_Given information_.
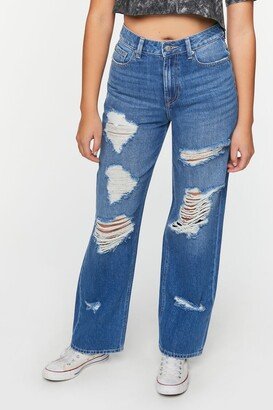 Recycled Cotton 90s-Fit Distressed Jeans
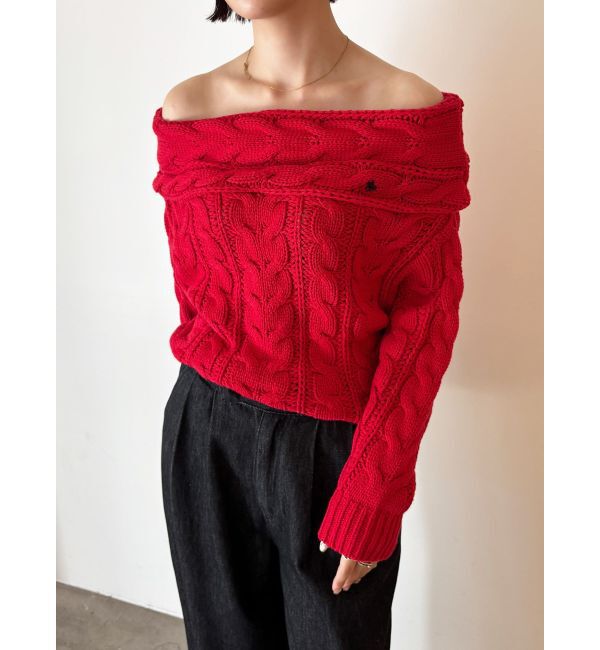 LAGUNAMOON「【POLO BCSコラボ】ケーブルオフショルニットプルオーバー」|ニット・セーター|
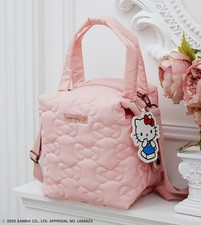 HELLO KITTY 3way Quilted Ribbon Bag with Charm Pink Boat-Shaped Tote Boston Bag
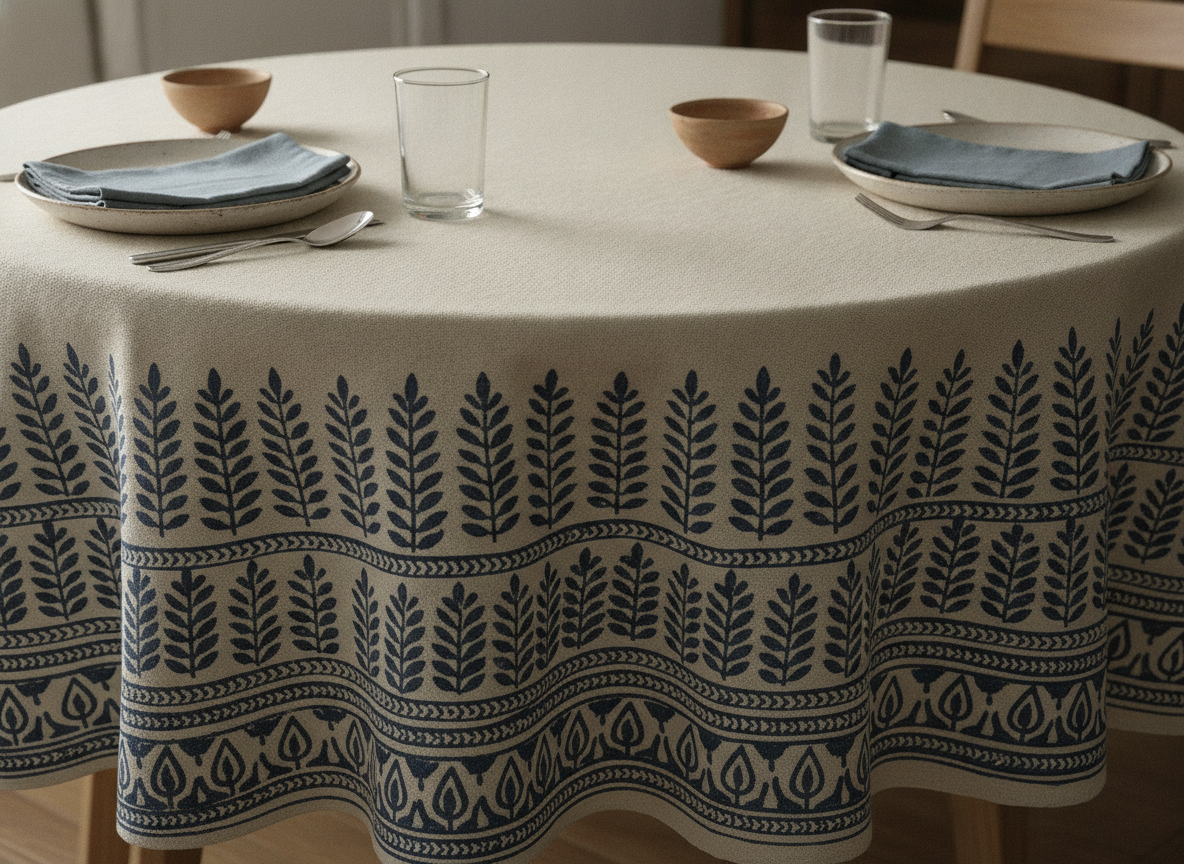 A round table under an oatmeal tablecloth whose entire hanging drop is filled with stacked bands of navy block-printed fern and tulip motifs, while the tabletop itself is left completely plain, laid with two settings of stoneware plates, blue folded napkins and terracotta bowls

_Exercise_.
Your task is an exact transcription of all the data, minus the pictures.

_Answer section_.
 Recycled Cotton 90s-Fit Distressed Jeans
 LAGUNAMOON「【POLO BCSコラボ】ケーブルオフショルニットプルオーバー」|ニット・セーター|
 HELLO KITTY 3way Quilted Ribbon Bag with Charm Pink Boat-Shaped Tote Boston Bag
 A round table under an oatmeal tablecloth whose entire hanging drop is filled with stacked bands of navy block-printed fern and tulip motifs, while the tabletop itself is left completely plain, laid with two settings of stoneware plates, blue folded napkins and terracotta bowls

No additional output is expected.